So IC really does matter here, and it will continue to matter a lot as
long as the CR/CPIs are comparable.

Got that?  There will a quiz at the end of this posting...

>> MIPS compiler is not significantly better than the current SPARC compiler. 
>> Considering the bad press, I will admit I was surprised by this
>> myself. 
>Doesn't surprise me too greatly.

Well, here are some more sample dynamic instruction counts from pixie 
and spixstats, in millions:

Machine:	Sun4	M/1000
Opt Level:	-O4	-O3

bison		28.5	21.9
cc1 (gcc-1.30)	10.9	12.0	[ -O2 for mips, uld dumped core at -O3 ]
compress	197	202	[ two loops ]
gnu diff	30.3	102	[ bug in mips cc ]
gnu egrep	3.3	5.1	[ one loop, difference is all nops, addr calc ]
gnu awk-1.1	28	27	[ weird code, both optimizers had a hard time ]
TimberWolf3.3	230	175
doduc		366	287	[ sun does lots of extra s<->d prec conversion ]

So it can go both ways, for both compiler and ISA reasons.  I have my 
own opinions about the compilers from looking at assembly code but 
I'll let qualified people pass official judgment on them.  [ I'm
in enough trouble, grad students aren't supposed to have opinions in 
the first place :-) ]

I find it hard to argue that SPARC is better architecturally because 
it executes fewer instructions -- it really isn't always true, and 
sometimes it REALLY isn't always true.  I mean -- sweeping generalities
based on a sample of one?

>				  The register windows compensate quite
>well for outdated compiler technology, which is why the UCB guys used
>them in the first place (so they could re-target PCC, instead of
>having to dig up come compiler guys to do a moby optimizing hack).

Well, he wasn't *just* talking about loads and stores...

>> The opinions here are my own and do not necessarily represent those of
>> Sun Microsystems.
>Are you sure?
>I mean, it sounded so lot like a product of the Sun Microsystems PR
>department! (except that they would not be so clumsy about it, of
>course). 

Sigh.  Looks like the RISC wars really are on again, bigger and badder 
than ever ... 

[ OK, so I lied about the quiz. ]
----------------
Paul M. Aoki
CS Division, Dept. of EECS // UCB // Berkeley, CA 94720		(415) 642-1863
aoki@postgres.Berkeley.EDU					...!ucbvax!aoki

pavlov@hscfvax.harvard.edu (G.Pavlov) (12/19/88)

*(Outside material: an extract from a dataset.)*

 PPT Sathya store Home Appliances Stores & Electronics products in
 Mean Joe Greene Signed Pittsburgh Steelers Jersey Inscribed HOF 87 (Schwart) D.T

In article <82150@sun.uucp>, edkelly%aisling@Sun.COM (Ed Kelly) writes:
> 
>             A COMPARISON OF SPARC VS MIPS ON A LARGE C PROGRAM.
> 
> For the comparison we chose a large portable C program (the GNU C Compiler rev
> 1.24) and compiled the identical source on a Sun-4/280 with the SPARC compiler
> to produce a SPARC binary, and on a MIPS M/1000 with the MIPS compiler to 
> produce a MIPS binary.              ^^^^^^^^^^^

  Why did you not use a current-generation MIPS in the comparison ???

dce@mips.COM (David Elliott) (12/19/88)

In article <697@hscfvax.harvard.edu> pavlov@hscfvax.harvard.edu (G.Pavlov) writes:
>In article <82150@sun.uucp>, edkelly%aisling@Sun.COM (Ed Kelly) writes:

[comparison of code generated by SPARC on Sun 4 and MIPS on an M/1000]

>  Why did you not use a current-generation MIPS in the comparison ???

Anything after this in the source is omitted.